Kristin Wells uses her deep foreign policy experience and insight into international politics to help clients further their domestic and foreign business opportunities. Working closely with other members of the firm’s public policy and international law teams, she helps a variety of businesses in their dealings with foreign governments and legal systems, as well as international markets.

A Capitol Hill veteran, Ms. Wells previously served as Deputy Chief Counsel to Chairmen Howard Berman (D-CA) and the late Tom Lantos (D-CA) on the U.S. House of Representatives’ Committee on Foreign Affairs. In that role she provided counsel to the Committee Chairman and other Democratic Committee members regarding legislative and foreign policy matters, with an emphasis on international refugee policy and immigration matters, as well as legislation related to Africa, Latin American, the Caribbean, international women’s issues and consular affairs matters.
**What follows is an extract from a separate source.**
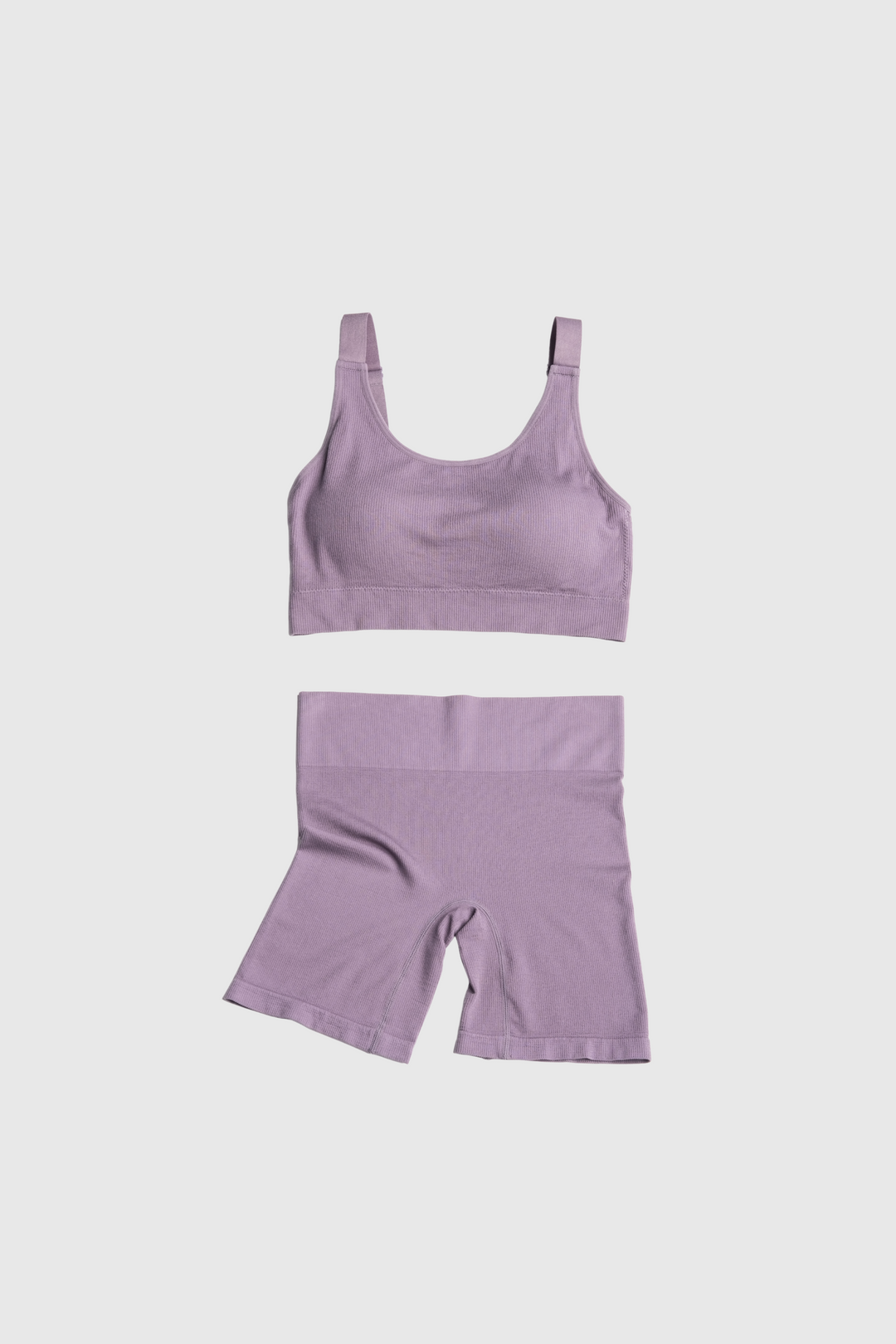 Ribbed Contour Bralette + Short Bundle – Dusty Purple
She also worked for the House Committee on the Judiciary as counsel to Ranking Member John Conyers, Jr. (D-MI), where she advised and briefed Democratic Committee members on matters including immigration, homeland security, antitrust and civil liberties issues.

In her time in public service, Ms. Wells was involved in numerous pieces of historic legislation, including the Homeland Security Act of 2002, the Intelligence Reform Act of 2004, the REAL ID Act of 2005, historic House and Senate resolutions declaring genocide in Darfur in 2005, Tom Lantos and Henry J. Hyde United States Global Leadership Against HIV/AIDS, Tuberculosis and Malaria Reauthorization Act of 2008, the William Wilberforce Trafficking Victims Protection Reauthorization Act of 2008 and the Department of State Reauthorization Act of 2009.

Ms. Wells’ experience also includes tenures as a litigation associate at a prominent international law firm, a clerk for the Constitutional Court of South Africa and time at the U.S. Embassy in Pretoria, South Africa. She also worked at the U.S.-Catholic Conference, TransAfrica and an Afro-Brazilian women’s organization in Brazil.